[llvm-dev] [RFC] Enhance Partial Inliner by using a general outlining scheme for cold blocks
Graham Yiu via llvm-dev
llvm-dev at lists.llvm.org
Tue Aug 15 17:21:44 PDT 2017
Hey River,
It's good to know that you have been down this path before, hopefully I can
share with you any roadblocks I'll encounter along the way.
Your first example illustrates a very good point, where ideally we should
take into account a coldness-to-size ratio. However, this type of case
requires a lot of additional analysis to get right, and may not give you
the most 'bang-for-your-buck'. With that said, I think it's worthwhile to
build in some flexibility as I begin implementation in case we want to
tackle something like this in the future.
Second example is probably outside of the scope of what I'm trying to do,
at least in the immediate term, but interesting nonetheless.
Cheers,
Graham Yiu
LLVM Compiler Development
IBM Toronto Software Lab
Office: (905) 413-4077 C2-407/8200/Markham
Email: gyiu at ca.ibm.com
From: River Riddle <riddleriver at gmail.com>
To: Xinliang David Li <xinliangli at gmail.com>
Cc: Graham Yiu <gyiu at ca.ibm.com>, llvm-dev
<llvm-dev at lists.llvm.org>
Date: 08/15/2017 07:27 PM
Subject: Re: [llvm-dev] [RFC] Enhance Partial Inliner by using a general
outlining scheme for cold blocks
On Tue, Aug 15, 2017 at 4:22 PM Xinliang David Li <xinliangli at gmail.com>
wrote:
On Tue, Aug 15, 2017 at 4:14 PM, River Riddle via llvm-dev <
llvm-dev at lists.llvm.org> wrote:
Hey Graham,
I worked on pretty much this exact thing last year. I did something
similar to what you described, I traversed the CFG and built potentially
profitable regions from any given valid start node. At that point there
were several road blocks that prevented it from really going anywhere
( like the inliner not preserving pgo data) but those problems should be
gone by now.
Some thoughts:
: In terms of cost modeling, you will want to consider the interaction
with loops:
- Whats the impact of outlining from inside of a loop.
- What if the hot region does not include the entry/exit, i.e hot loop.
: Something that would also benefit, but would require more tuning, is
the relationship between size and "hotness". If for example you have a
function that looks like this:
foo(bool B) {
... // Code that prevents early return.
if(B) // RegionA : Taken 50% of the time.

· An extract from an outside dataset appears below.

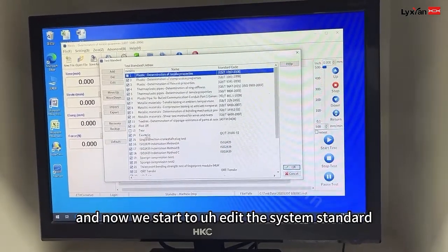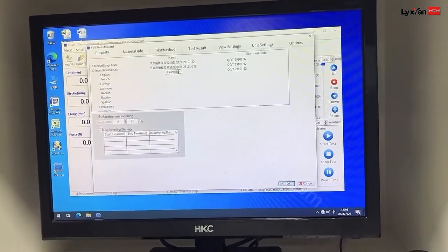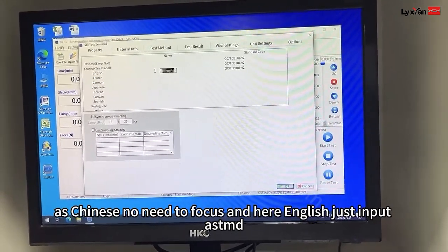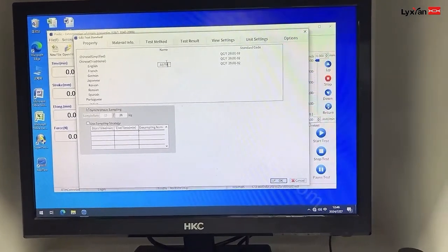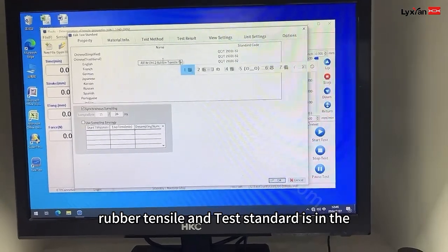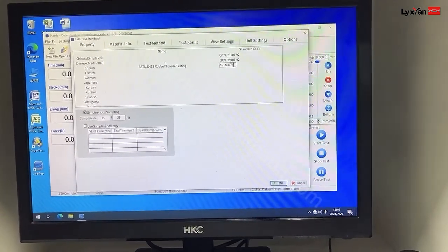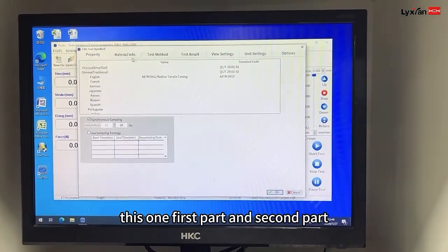Now we start to edit the tester standard. For the Chinese interface, we don't need to focus. Here in English, just input ASTM D412, rubber, tensile, testing. And the tester standard: ASTM D412. Okay, this was the first part.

... Very large amount of code.
else // RegionB : Taken 50% of the time.
... Very small amount of code.
}
In the above you have two regions that aren't exactly cold. Outlining
RegionA will make foo profitable to inline, but only if you take into
account its large size. Using profile data as the sole cutoff will miss
this opportunity.
Modelling the cost/benefit for this case can be very tricky though.
Most definitely, but it's something to think about when moving forward.

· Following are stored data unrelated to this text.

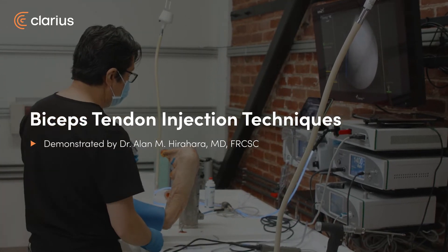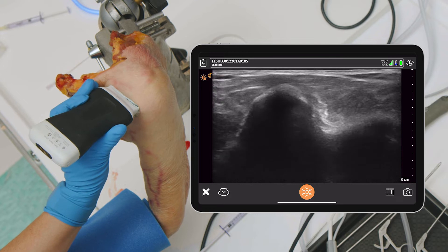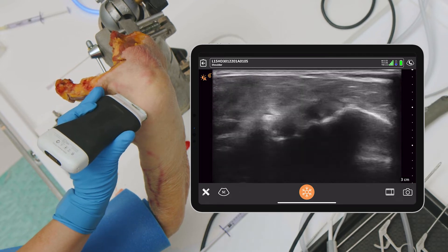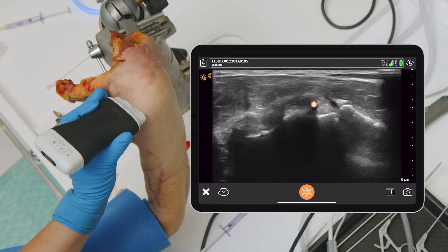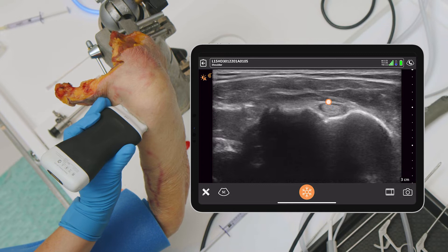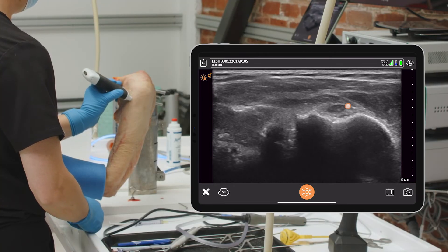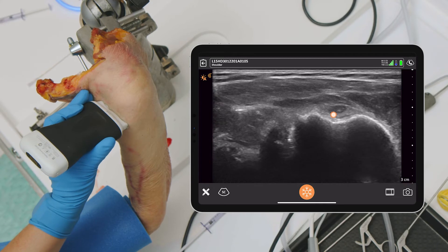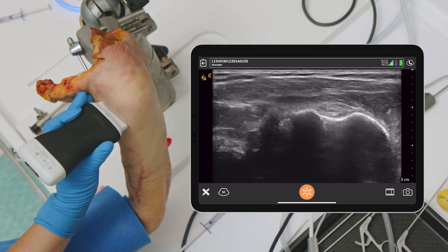We're going to start off with just doing some basic scanning, and I'm going to be showing just the biceps tendon because we're going to be working on that surgically pretty soon. So we're just going to identify the biceps in there. You can see it pretty clearly right there and we're going to follow down into the groove. You can see it nicely, and of course you can see that issue of anisotropy. So if I tilt it this way it becomes black, which means you can't really see the tendon, but then as I tilt it down there's the tendon very nicely there.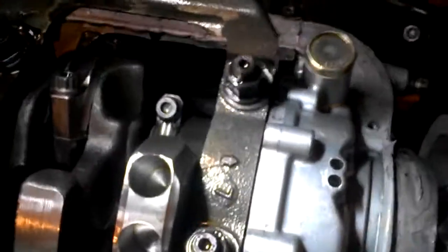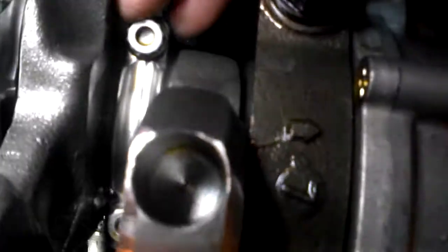Moving along to the bearings. We actually have a fair amount of play, but all of them are like that and I don't know if that's intentional. Number two, number three — can't see number four. Let me just spin the crank. There we go.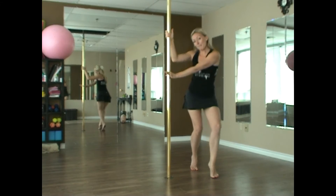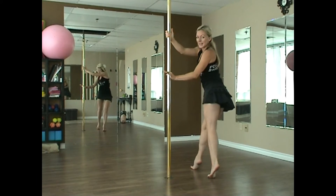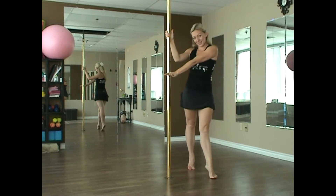Transferring and lifting. Bend, transfer and lift. Bend, transfer and lift. Just like so.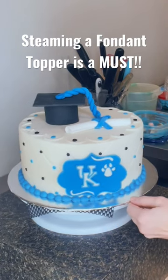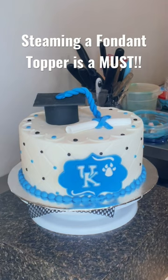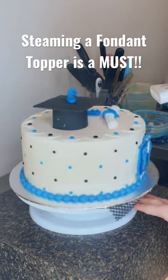Have you ever been decorating a buttercream cake with fondant pieces attached to it — like a hat, a diploma, and a plaque on the front? Well, they can get a little powdered sugar chalky look, so I'm using a handheld steamer to get rid of that dry powdered sugar.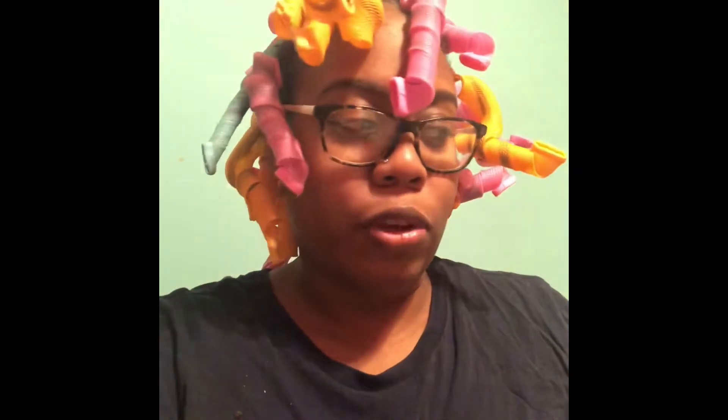I didn't do it on soaking wet hair — I just dampened it with the Not On My Watch detangling spray. So it wasn't soaking wet. I'm hoping it should dry relatively quickly, and the souffle and the gel were not super heavy products. Once I take them out in the morning, I'll come back and show you how it looks.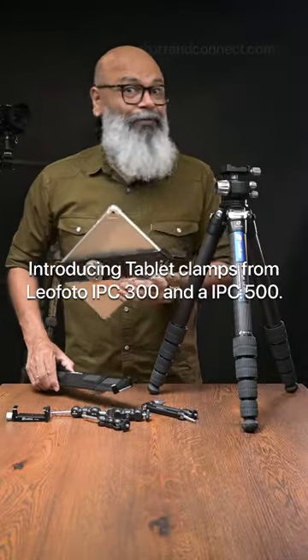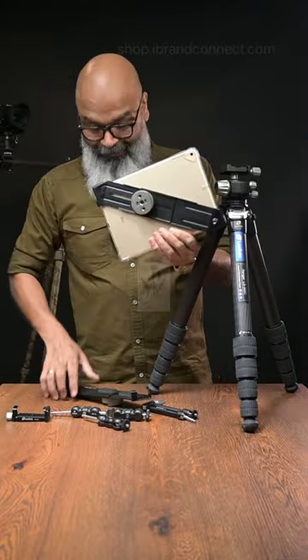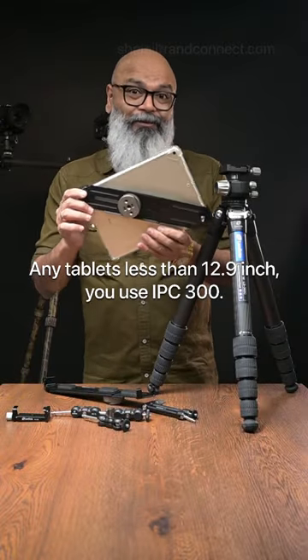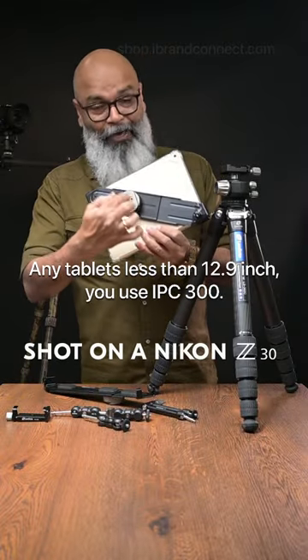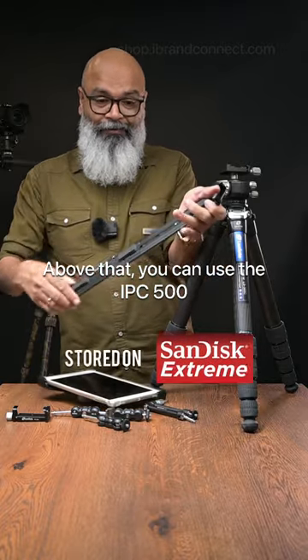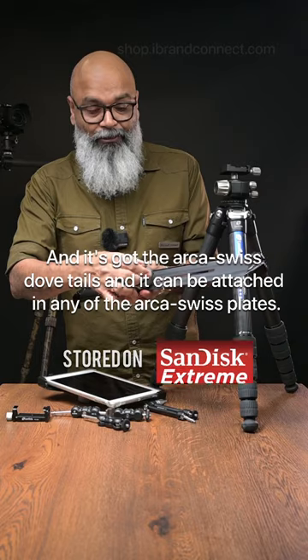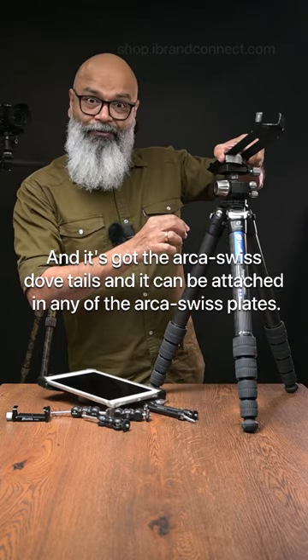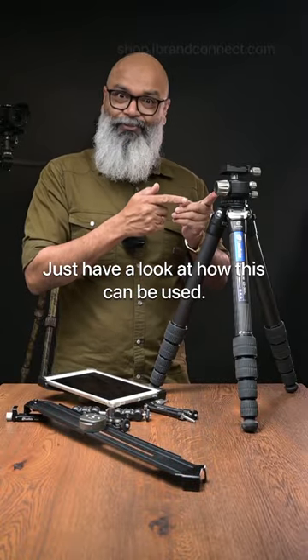Introducing tablet clamps from Leofoto: the IPC-300 and IPC-500. Any tablets less than 12.9 inches use the IPC-300; above that you can use the IPC-500. It's got the Arca-Swiss dovetail which can be attached in any of the Arca-Swiss plates. Just have a look at how this can be used.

: You may also want to look into hot switch statement splitting, though
I don't know if it should really go into the partial inliner. This is
splitting a switch statement into multiple switch statements if there
are only a few cases that are actually hot.
SWITCH1:
switch(val) {
HOT: ...
COLD1: ...
COLD2: ...
....
COLDN: ...
default: ...
}
would get transformed into:
SWITCH1:
switch(val) {
HOT: ...
default:
br SWITCH2:
}
SWITCH2:
switch(val) {
COLD1: ...
COLD2: ...
....
COLDN: ...
default: ...
}
This is profile based switch peeling -- which is a separate optimization
from partial inlining.
David
Ah thanks, I wasn't sure of the name.
River Riddle
On Tue, Aug 15, 2017 at 1:14 PM, Graham Yiu via llvm-dev <
llvm-dev at lists.llvm.org> wrote:
Hi Jessica,
Thanks for the feedback.
I believe the existing partial inliner pass does use some common
utilities like the code extractor to do outlining.

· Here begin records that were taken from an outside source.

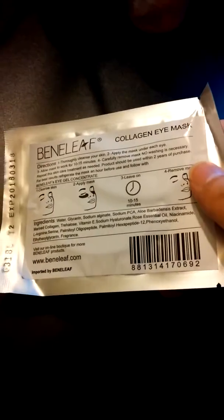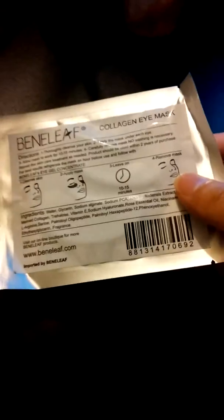As you can see, it's very simple to use. I like the fact that this is free of parabens, alcohols, and dye. It also contains excellent ingredients such as aloe extract, marine collagen, and vitamin E.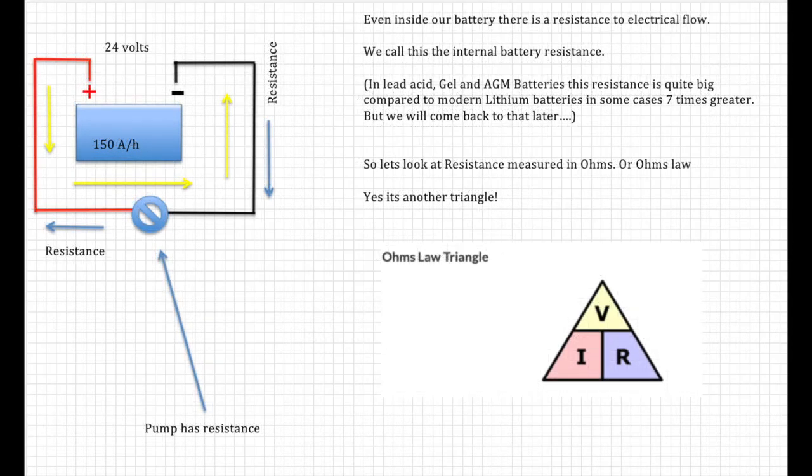Even inside our battery there is a resistance to flow — we call this the internal battery resistance. In lead-acid, gel, and AGM batteries this resistance is quite large compared to modern lithium batteries — in some cases seven times greater. We'll do more about that later. So let's look at resistance measured in ohms, or Ohm's Law — yes, it's another triangle.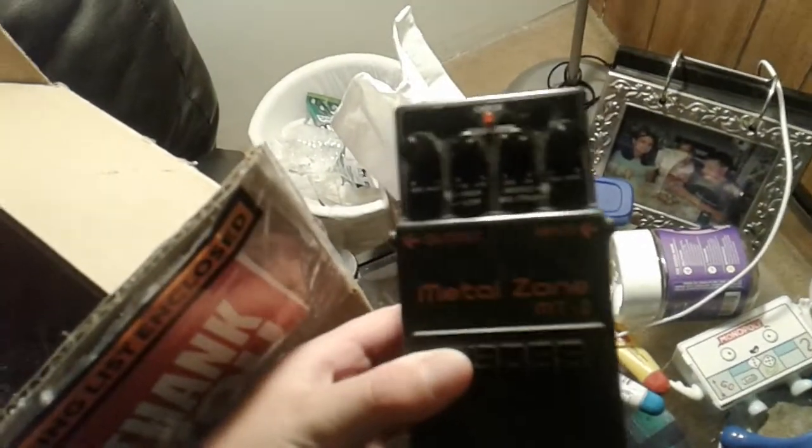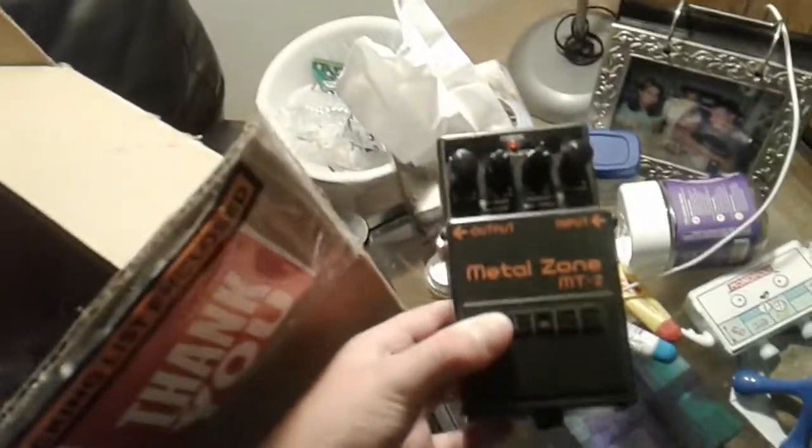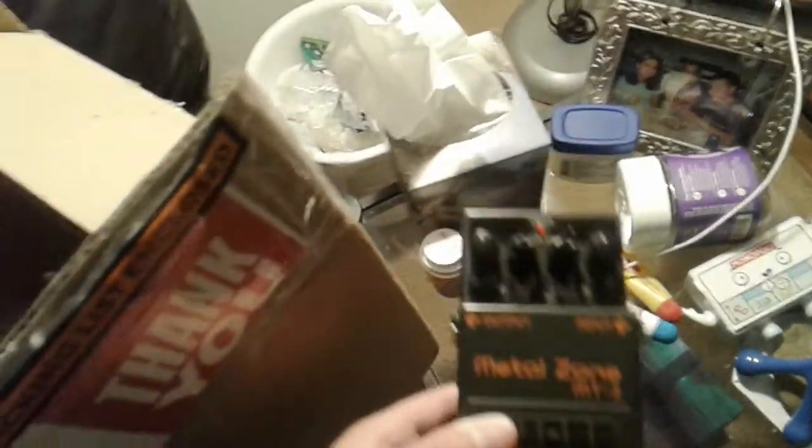I'm not putting it on the pill — it's not mama, it's on the arm of the couch. There it is. Metal zone distortion. Yeah, hardcore metal zone distortion right there.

AFAIK, Code extractor is the only IR level utility for outlining, but
it's not the best and definitely needs some improvement. It currently
returns outputs via live out pointer parameters, which means that
outlined functions can't be tagged with attributes like readonly.
There were also some known problems with extracting in the presence of
critical edges, but I don't know if thats still the case.
Is that what you're referring to? I don't recall seeing any other
passes that has outlining other than the machine outliner, but I may
have missed something.
I briefly looked at River's RFC and it seems he's mainly utilizing
outlining as a tool to reduce code size while maintaining code
performance.
The main point of the outliner I proposed in that RFC is benefiting code
size. The use of PGO data is to simply avoid detrimenting runtime
performance.
Our proposal is to improve on the existing outlining scheme of the
partial inliner to give us more opportunities to inline hot code. We
will only do this type of general outlining with the presence of
profiling or user data (such as builtin_expect).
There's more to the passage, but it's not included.